Risurrezione, Giudizio, Paradiso

Omelia nella Messa su Lc 20,27-38

A commento del brano evangelico di oggi (Lc 20,27-38: in polemica con i sadducei, che non credevano nella risurrezione, Gesù afferma la verità della continuità della vita dopo la morte, perché «Dio non è dei morti, ma dei viventi!») ascoltiamo qualche stralcio di una interessantissima intervista al Cardinale Giacomo Biffi sull’aldilà.

Con la morte finisce tutto?

Il problema è molto interessante, drammatico e inevitabile, perché i casi sono due: con la morte o si va a finire nel niente o si va a finire nella vita eterna. Le altre soluzioni sono forzatamente provvisorie. Io so già che tra qualche anno o andrò a finire nel niente o andrò a finire nella vita eterna. Ma se andrò a finire nel niente, io vivo già adesso per niente; cioè, se l’approdo dell’esistenza è il niente, anche la sostanza dell’esistenza è il niente, e questa è un’assurdità. Che qualcosa debba venire dal niente solo per tornare nel niente, è una contraddizione.

Che cosa succede di noi un istante dopo la nostra morte?

Io so quello che mi è stato detto da chi è venuto dall’altra parte. Vede, il dramma del problema escatologico è che esso è inevitabile; tutti lo sentono, ma nessuno viene da là a qui. Nessuno, tranne uno, che è Gesú Cristo. Io so quello che mi ha detto lui. Mi stupisce molto quando trovo della gente che su queste cose parla a titolo personale, secondo le proprie idee. Io credo che il principio di Wittgenstein – “di ciò di cui non si può parlare si deve tacere” – valga soprattutto per questo tipo di problemi. Io so quello che mi ha detto Gesú Cristo: Gesú mi ha detto che al di là c’è subito lui, cioè lui è l’approdo dell’esistenza umana.

Il corpo è lí: se ne può fare qualsiasi cosa o c’è un trattamento particolare consigliato in vista del giudizio universale? Voglio dire, può essere inumato, incenerito…?

No, non è cosí. Il rapporto con Cristo non può essere determinato dalle condizioni delle membra fisiche: è determinato dal valore interiore. Certo, il rapporto con Cristo sarà totalizzante, cioè il destino che ci è stato riservato è quello di una totale assimilazione a Lui, nella sua condizione di figlio di Dio; e quindi anche nella sua condizione di risorto. Perciò anche il corpo partecipa a questo destino eterno.

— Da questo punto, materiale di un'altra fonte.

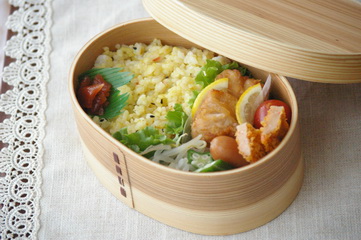 今日のキャラ弁 (エルサ)_d0327373_1329383.jpg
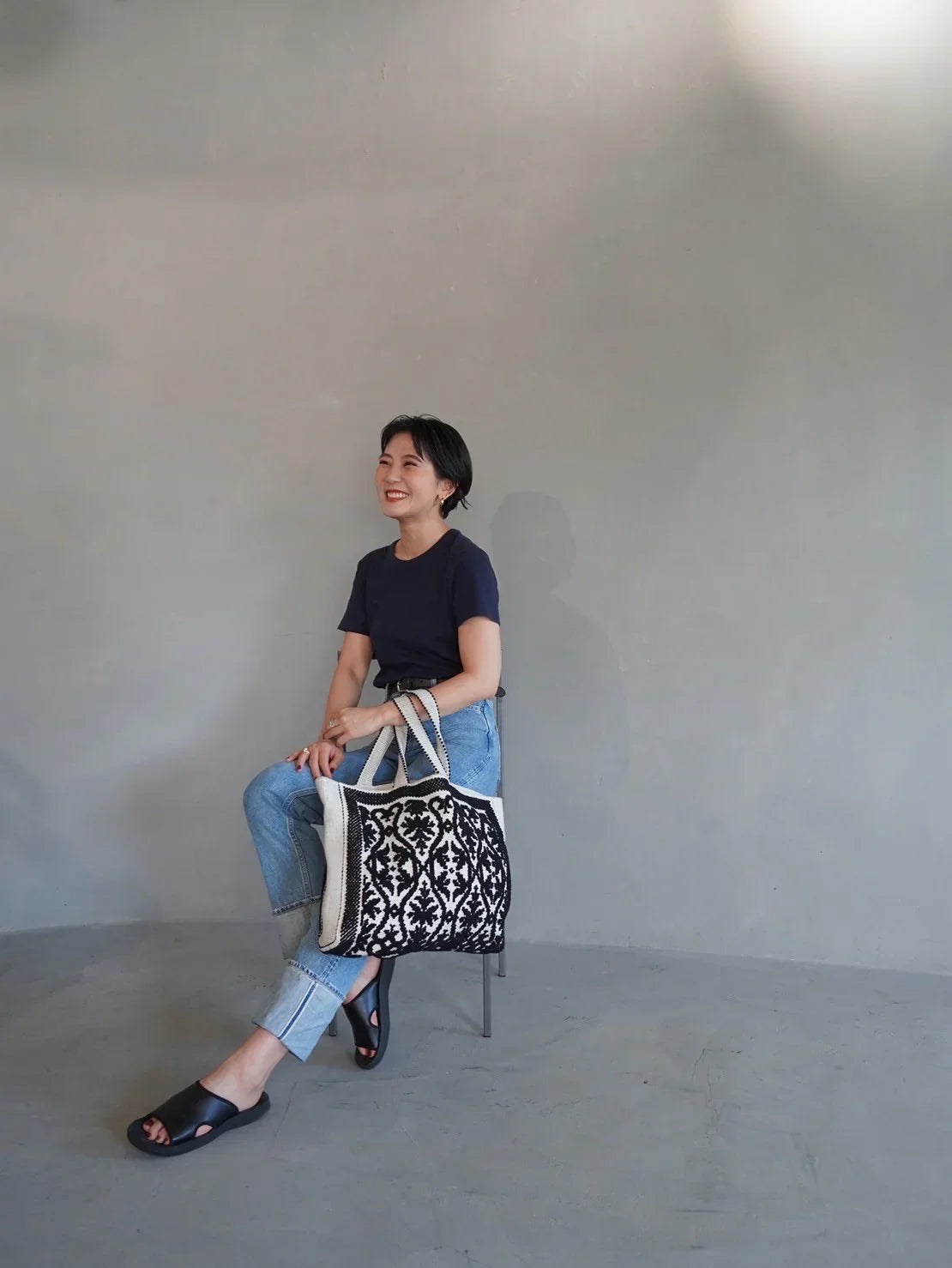 Tote Fiocco lecceseトートフィオッコレッチェーゼネロ・ディ・セピア(黒) - aLORS online store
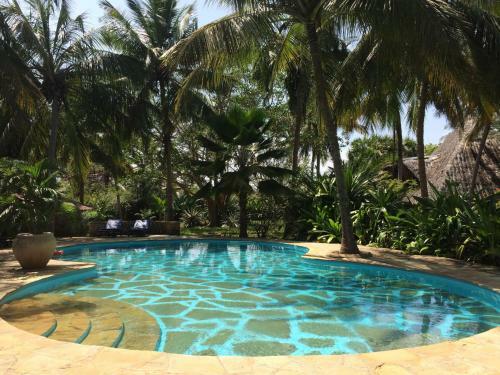 Shambani Cottages
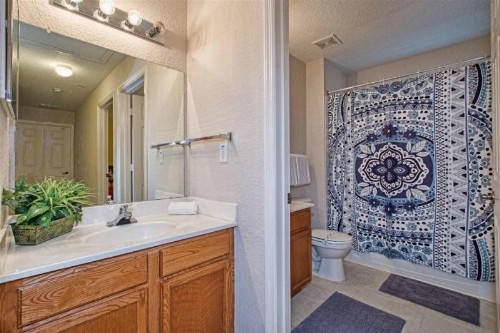 Great location 4Bed 3bth Townhouse with kids themed room's - image 3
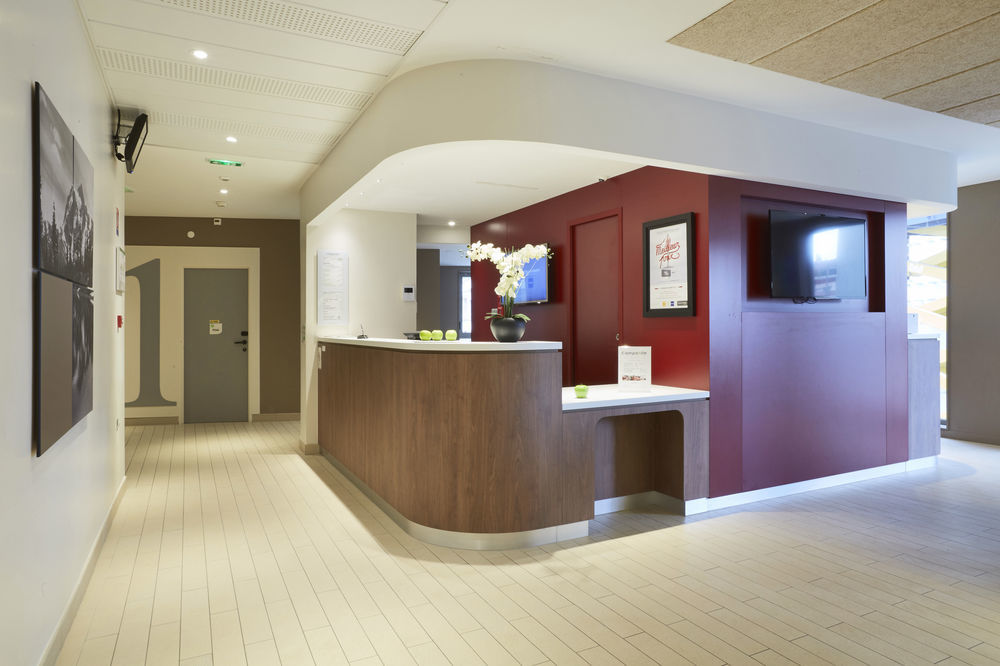 Hotel Campanile Aéroport Nizza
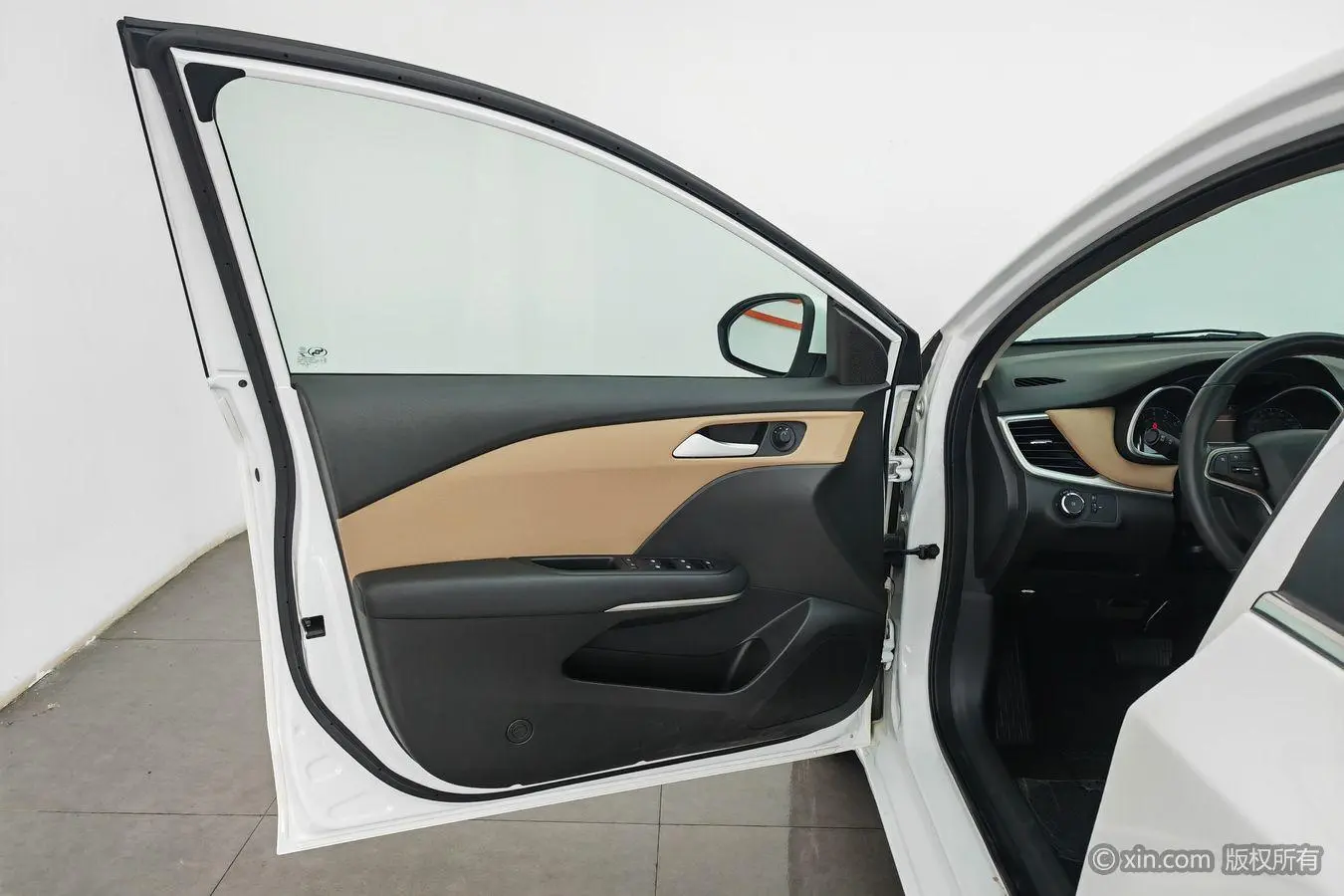 Chevrolet Cruze 320 automatic Enjoy Skylight version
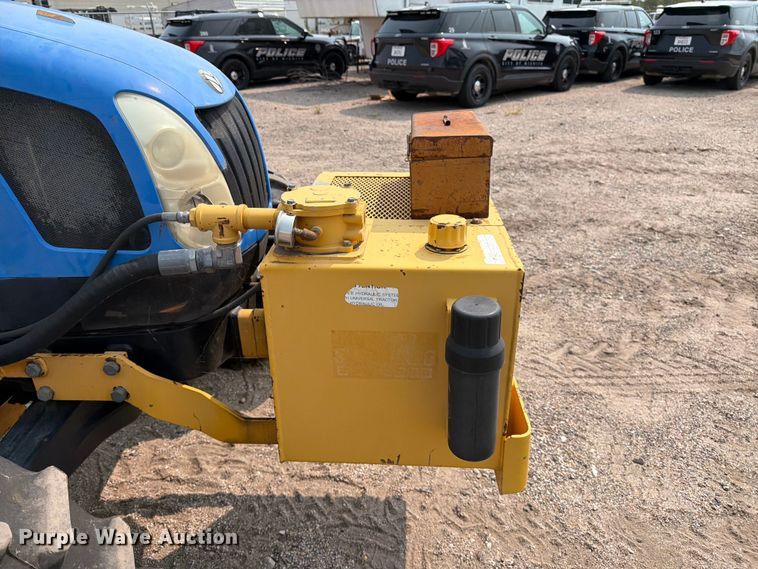 image for item MZ9861 2008 New Holland T5040 MFWD tractor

Noi immaginiamo molto spesso che le anime, una volta che sono staccate dal corpo, vaghino oppure siano in sonno…

Se dopo la morte c’è Cristo, ci si incontra con Cristo immediatamente. Il valore di un uomo dipende dalla sua vicinanza o lontananza dall’archetipo, dal modello dato all’umanità, che è Cristo. Al momento della morte, quando gli occhi si chiudono, gli occhi si aprono e si vede se si è vicini o lontani da Cristo: questo è il giudizio.

E il giudizio universale cos’è?

Il giudizio universale potrebbe essere un falso problema: nel senso che, se è vero che al di là del tempo non c’è il tempo, non è molto importante distinguere il giudizio particolare e il giudizio universale come se fossero temporalmente separati. Cioè, ambedue sono costituiti nell’unico istante che è quello dell’eternità.

A chi tocca e in che cosa consiste il Paradiso? Che cos’è?

Il Paradiso è Cristo, cioè è l’inserimento pieno, totale, definitivo in Cristo. Un inserimento c’è già con la vita cristiana, col battesimo con la vita di grazia… eccetera. Però con due differenze: di non essere percepibile esperienzialmente e di poter essere perduto. Da una parte, ci si può staccare da Cristo in questa vita…; dall’altra parte, si esperimenta questo inserimento in Cristo, ed è definitivo: è inserirsi nella vita trinitaria, quindi con la conoscenza che è propria di Dio, con l’amore che è proprio di Dio, con la felicità che è propria di Dio.

Questo Paradiso è davvero in cielo, come si dice?

No, non lo si può localizzare. Localizzare il Paradiso è come localizzare Dio. Si può dire che Dio sia in Argentina o in Danimarca? No. Il Paradiso è una dimensione dell’essere. Noi partecipiamo a questa dimensione dell’essere divino.